In the following demo video, we walk through pulling an image onto Perlmutter from the NERSC registry, generating a squashed version of the image using podman-hpc, and running the EXAALT benchmark at large scale (900 nodes, 3600 GPUs) via our
podman-exec wrapper. NERSC's flagship supercomputing system is Perlmutter, currently number 7 on the Top 500 list. It has a GPU partition with over 6000 NVIDIA A100 GPUs and a CPU partition with over 6000 AMD Milan CPUs. All of the work described in this blog post has been performed on Perlmutter.
NERSC, the National Energy Research Scientific Computing center, is the US Department of Energy's production mission computing facility that serves the DOE Office of Science, which funds a wide range of fundamental and applied research. In the first half of 2022, more than 700 unique users used Shifter, the current container solution at NERSC, and general user interest in containers is growing.
Although NERSC has demonstrated near bare metal performance with Shifter at large scales, several shortcomings have motivated us to explore Podman. The primary factor is that Shifter does not provide any build utilities. Users must build containers on their own local system and ship their images to NERSC via a registry. Another obstacle is that Shifter provides security by limiting the running container to the privileges of the user who launched it. Finally, Shifter is mostly an "in-house" solution, so users must learn a new technology, and NERSC staff have the additional burden of maintaining this software.
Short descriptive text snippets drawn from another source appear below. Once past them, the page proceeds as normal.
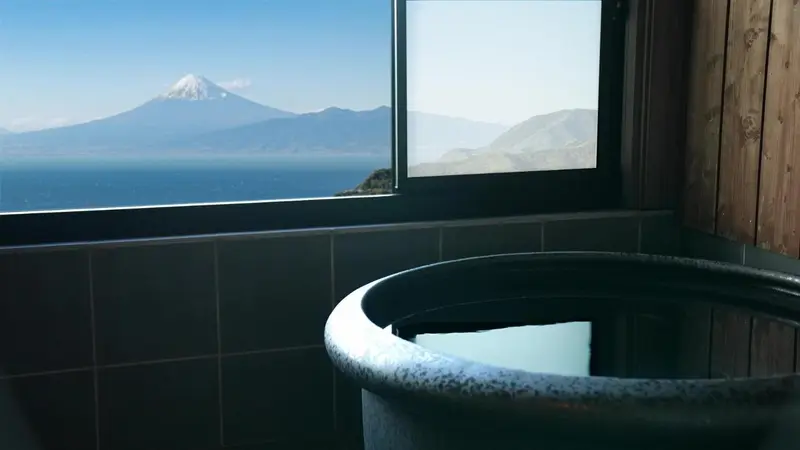 Baignoire en bois donnant sur une vue montagneuse et maritime.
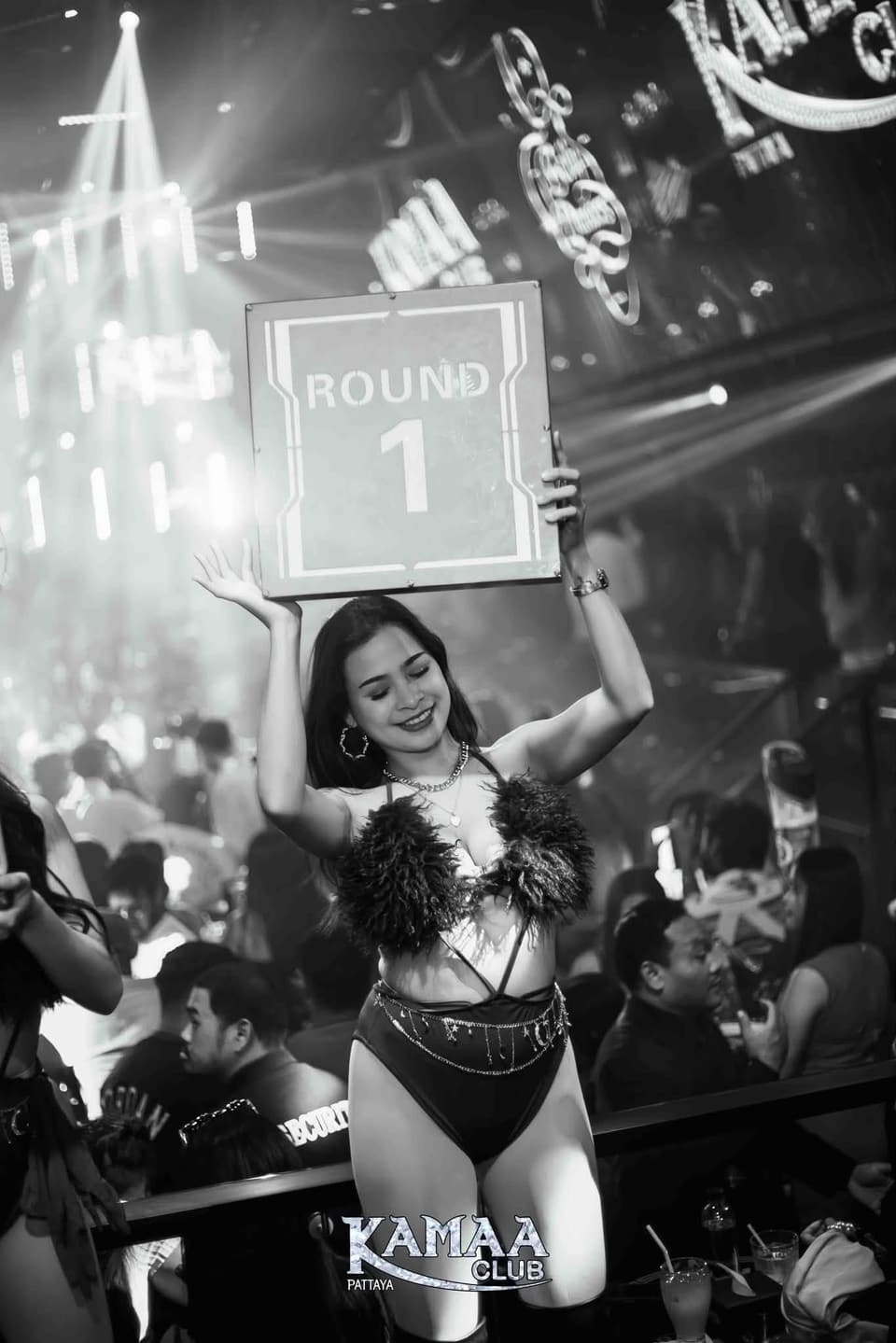 Black-and-white photo of a show performer holding a 'Round 1' card at Kamaa Club Pattaya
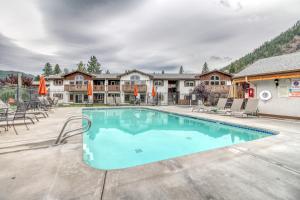 una piscina con sillas y sombrillas en Icicle Village Resort 507 & 508: Alpine Reflections en Leavenworth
Podman provides a solution to all of these major pain points. Podman is an OCI-compliant framework that adheres to a set of community standards. It will feel familiar to users who have used other OCI-compliant tools like Docker. It also has a large user and developer community with more than 15k stars on GitHub as of October 2022. The major innovation that has drawn us to Podman is rootless containers. Rootless containers elegantly constrain privileges by using a subuid/subgid map to enable the container to run in the user namespace but with what feels like full root privileges. Podman also provides container build functionality that will allow users to build images directly on the Perlmutter login nodes, removing a major roadblock in their development workflows.
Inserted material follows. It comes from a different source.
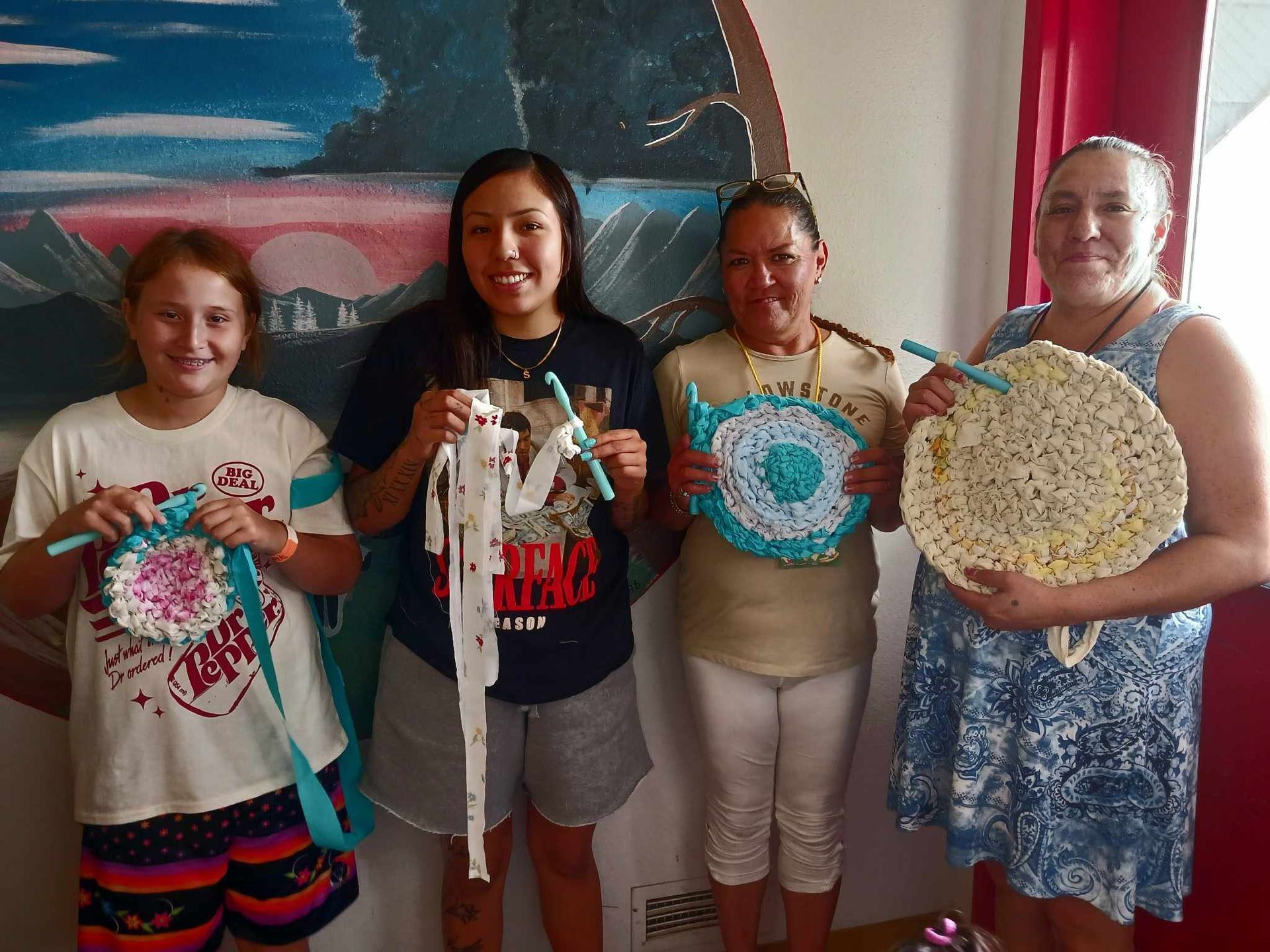 Four people standing indoors holding decorated circular craft pieces, smiling at the camera.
[ Check out the latest Podman articles on Enable Sysadmin. ]
Enabling Podman at a large scale on Perlmutter with near-native performance required us to address site integration, scalability, and performance. Additionally, we have developed two wrapper scripts to achieve two modes of operation: Podman
container-per-process mode describes the situation in which many processes are running on the node (usually in an MPI application), with one individual container running for each process. The
podman-exec mode describes the situation in which there is a single container running per node, even if there are multiple MPI processes.
We ran several benchmarks with
podman-hpc on Perlmutter to measure the performance of bare metal implementations: Shifter, Podman
podman-exec mode. The EXAALT benchmark runs the LAMMPS molecular dynamics application, the Pynamic benchmark simulates Python package imports and function invocations, and the DeepCAM benchmark is a climate data segmentation deep learning application. In general, the benchmarks suggest comparable performance between bare metal, Shifter, and
podman-exec cases. The startup overhead incurred in Podman
container-per-process can be seen in the results of both Pynamic and DeepCAM. In general,
podman-exec was our best performing configuration, so this is the mode on which we will focus our future development efforts.
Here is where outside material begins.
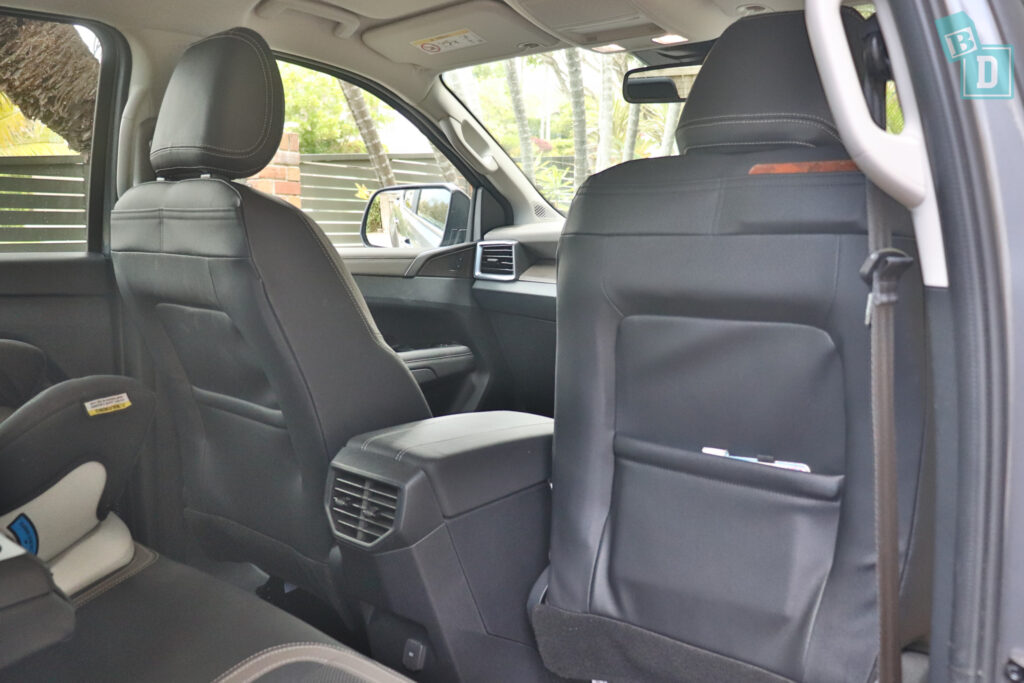 2023 Volkswagen Amarok legroom with forward-facing child seats installed in the second row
Results from our strong-scaling EXAALT benchmark at 32, 64, 128, and 256 nodes. The average of two bare metal run results are shown in red, Shifter run results are shown in blue, Podman
container-per-process run results are shown in dark green, and
podman-exec mode results are shown in light green with corresponding error bars.
The results of the Pynamic benchmark for bare metal (red), Shifter (blue),
podman-exec mode (green), and Podman
container-per-process mode (light-green) over two job sizes (128 and 256 nodes) using 64 tasks per node. All configurations were run three times.
The results of the MLPerf TM DeepCAM strong scaling benchmark for Shifter (blue), Podman
container-per-process (light green), and
podman-exec mode (dark green) over a range of job sizes (16, 32, 64, and 128 Perlmutter GPU nodes). We separate the timing data into container startup, training startup, and training runtime.
We are excited about the results we have seen so far, but we still have work to do before we can open Podman to all NERSC users. To improve the user experience, we aim to explore adding Slurm integration to remove some of the complexity of working with nested wrapper scripts, especially for the
podman-exec case. We also aim to get our
podman-hpc scripts and binaries into the Perlmutter boot images of all nodes, so staging these to each node will no longer be necessary. We hope to address some of the limitations of the OCI hook functionality (for example, the inability to set environment variables) with the OCI community. Finally, our goal is to get much of our work upstreamed into Podman itself so the larger Podman community can leverage our work.
These results have not been verified by the MLCommons Association. Note that we are measuring the timing for N epochs, which is not the official MLPerf measurement methodology.